Spencer and I had a date last night. I think that it went pretty well.
Rocky start. We were supposed to meet at 6:30, but then he had to postpone till 6:45, and then I couldn’t get out of work till late and said that I’d be there by 7 pm. Traffic was terrible, so I ran 5 blocks cross-town and over twenty blocks and met him at ten after. I just google mapped it; it was a mile and a half. I did that in rush-hour traffic in 20 min in makeup and nice dress and flip-flops. He was kinda sore about my being late. I understand he was concerned about being stood up–being stood up really sucks–but I said I’d be late and COME ON, the Studio is not exactly the IRS office. If Frau Farbissina is ten minutes late paying me, I have to wait till she reimburses my fee. Same with my students. What am I going to do? Report it to OSHA?

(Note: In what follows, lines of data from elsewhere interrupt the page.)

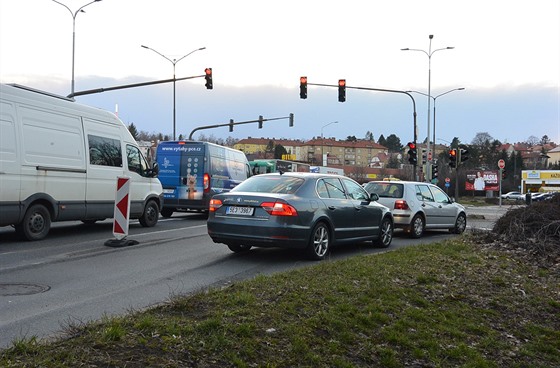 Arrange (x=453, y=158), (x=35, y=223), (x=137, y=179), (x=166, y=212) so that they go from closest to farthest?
(x=35, y=223)
(x=137, y=179)
(x=166, y=212)
(x=453, y=158)

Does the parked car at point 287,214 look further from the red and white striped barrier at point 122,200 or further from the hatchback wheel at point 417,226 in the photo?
the hatchback wheel at point 417,226

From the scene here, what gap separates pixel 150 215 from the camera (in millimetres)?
15367

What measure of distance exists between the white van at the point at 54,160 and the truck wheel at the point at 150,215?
567 millimetres

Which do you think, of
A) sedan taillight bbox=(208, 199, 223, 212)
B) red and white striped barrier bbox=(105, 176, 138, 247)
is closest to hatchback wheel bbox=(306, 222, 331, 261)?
sedan taillight bbox=(208, 199, 223, 212)

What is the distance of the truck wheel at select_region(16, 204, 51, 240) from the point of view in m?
11.0

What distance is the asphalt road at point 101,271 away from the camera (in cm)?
584

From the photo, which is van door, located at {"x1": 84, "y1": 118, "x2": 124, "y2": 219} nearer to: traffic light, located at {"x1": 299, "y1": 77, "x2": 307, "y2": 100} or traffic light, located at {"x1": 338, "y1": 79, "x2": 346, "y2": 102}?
traffic light, located at {"x1": 299, "y1": 77, "x2": 307, "y2": 100}

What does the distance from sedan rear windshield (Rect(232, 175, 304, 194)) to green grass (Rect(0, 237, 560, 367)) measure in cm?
203

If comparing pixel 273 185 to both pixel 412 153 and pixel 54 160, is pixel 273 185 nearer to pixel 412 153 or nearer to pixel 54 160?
pixel 54 160

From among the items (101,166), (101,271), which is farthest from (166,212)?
(101,271)

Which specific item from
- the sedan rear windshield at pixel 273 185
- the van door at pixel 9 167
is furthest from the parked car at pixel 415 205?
the van door at pixel 9 167

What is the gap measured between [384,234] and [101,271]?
633 cm

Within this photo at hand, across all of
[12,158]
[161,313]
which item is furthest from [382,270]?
[12,158]

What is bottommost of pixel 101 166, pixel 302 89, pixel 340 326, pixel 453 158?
pixel 340 326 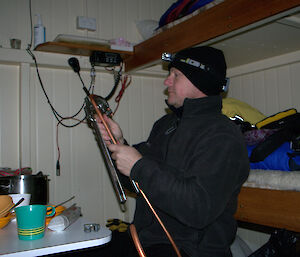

I have the vague suspicion that he doesn’t think that I respect him enough. I could be wrong about this, and I hope that I am.
Everything else was awesome!
He took me to a Japanese restaurant which was the equivalent, I guess, of a Japanese casual bar and we ate Japanese pub food! It was full of Asian people (mostly men) and a lovely professional barmaid with bangs.
|“Abandon All Compassion, Ye Who Enter Here.” Delicious Animals on Skewers|
Behold, the menu! There had to have been at least 30 different animals available for eating within its pages. The animals are grilled or fried or broiled or otherwise prepared. I have to hand it to the Japanese: they don’t fuck around with the animal eating. They will eat ANYTHING. Ignore that Shinto propaganda–they have no respect for animals.
I’m not bashing the Japanese . We torture animals too.
Delicious animals. I guess that in Japan, you can get exotic animals on sticks. yum yum yum
I intend to write more about Spenser tomorrow, and continue this narrative.
I asked him to stay over at my place next week.
I haven’t had a man overnight in my bed in a long time.